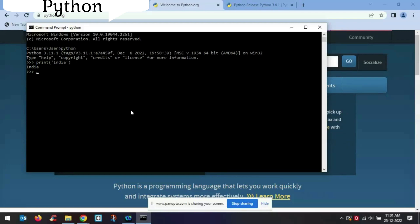So in the next video I will cover how you can install an IDE, assuming you already have Python installed on your system.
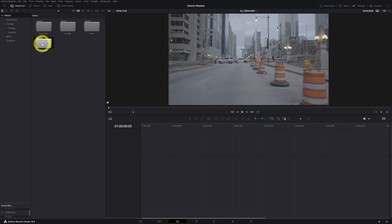Now let's talk about timelines in DaVinci Resolve. In DaVinci Resolve, a timeline is essentially a visual representation of the sequence of video and audio clips that make up your project. It's where you arrange and edit your media to create an epic video.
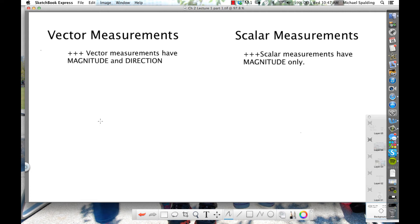All right, so here's our start of physics: vector measurements and scalar measurements. Any measurement you can think of is either going to be a vector measurement or a scalar measurement. I just want you to know the key differences between vector and scalar.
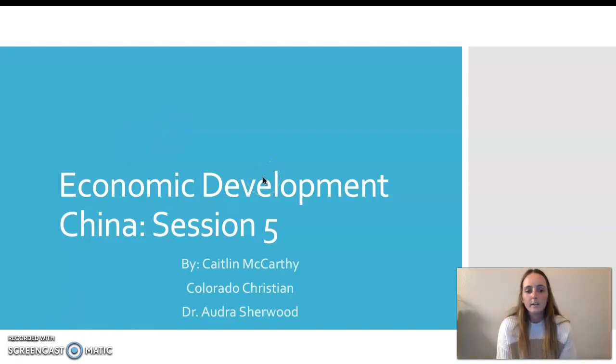Hi, my name is Kaitlin McCarthy, and this is the session five milestone. The country I chose to do was China.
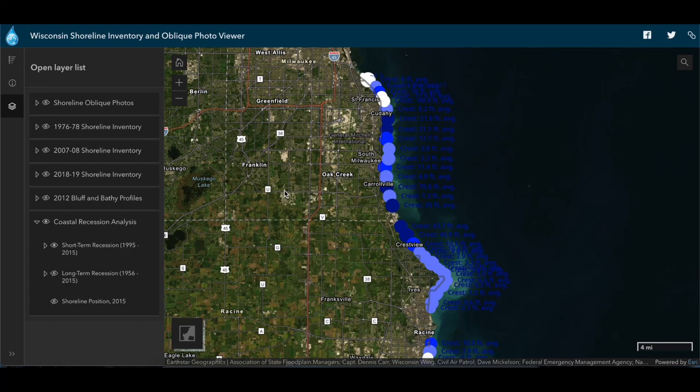If you want to dig into any of this data in more detail, all of the photographs, data layers, and profile data are available to the public to download for free from the details page.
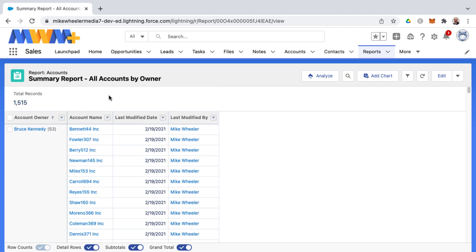And so the nice thing about having a grouping by row on account owner or any other field that you choose to group by is then you are able to add charts to a summary report. But I'll save that for another video.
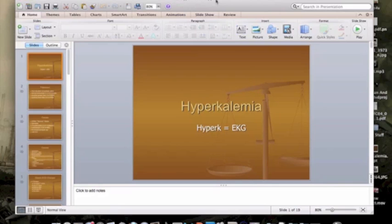To summarize treatment: calcium, insulin and glucose, sodium bicarb if acidotic, nebulized albuterol, then remove potassium with normal saline, Lasix, K-exalate, and dialysis as a last resort. Until next time.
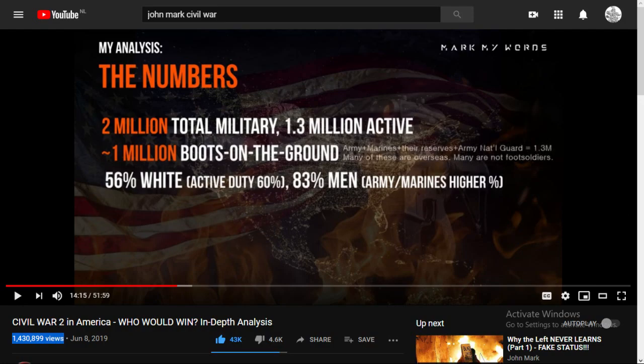I recently watched a video by John Mark on who would win the American Civil War 2.0 if it was waged today, and it was a very popular video.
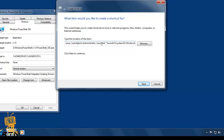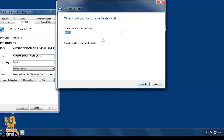So when I double-click on the shortcut it's going to prompt me to put in the password. Once I put the password in it's going to save it. When I close the application and double-click on that shortcut again, it's not going to ask for the password anymore because the password is already saved.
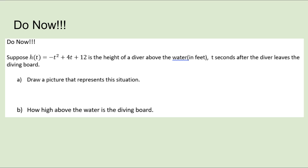We have some math prompts here and we need you to do them now. Pause the video, complete the prompts, and return to the video when you're done.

◆ **What you need to do**
The lines from the one containing "And so the nice" to the final line of the material, both ends included, should be retyped exactly and alone, with no pictures.

◆ **Problem solution**
And so the nice thing about having a grouping by row on account owner or any other field that you choose to group by is then you are able to add charts to a summary report. But I'll save that for another video.
To summarize treatment: calcium, insulin and glucose, sodium bicarb if acidotic, nebulized albuterol, then remove potassium with normal saline, Lasix, K-exalate, and dialysis as a last resort. Until next time.
I recently watched a video by John Mark on who would win the American Civil War 2.0 if it was waged today, and it was a very popular video.
So when I double-click on the shortcut it's going to prompt me to put in the password. Once I put the password in it's going to save it. When I close the application and double-click on that shortcut again, it's not going to ask for the password anymore because the password is already saved.
We have some math prompts here and we need you to do them now. Pause the video, complete the prompts, and return to the video when you're done.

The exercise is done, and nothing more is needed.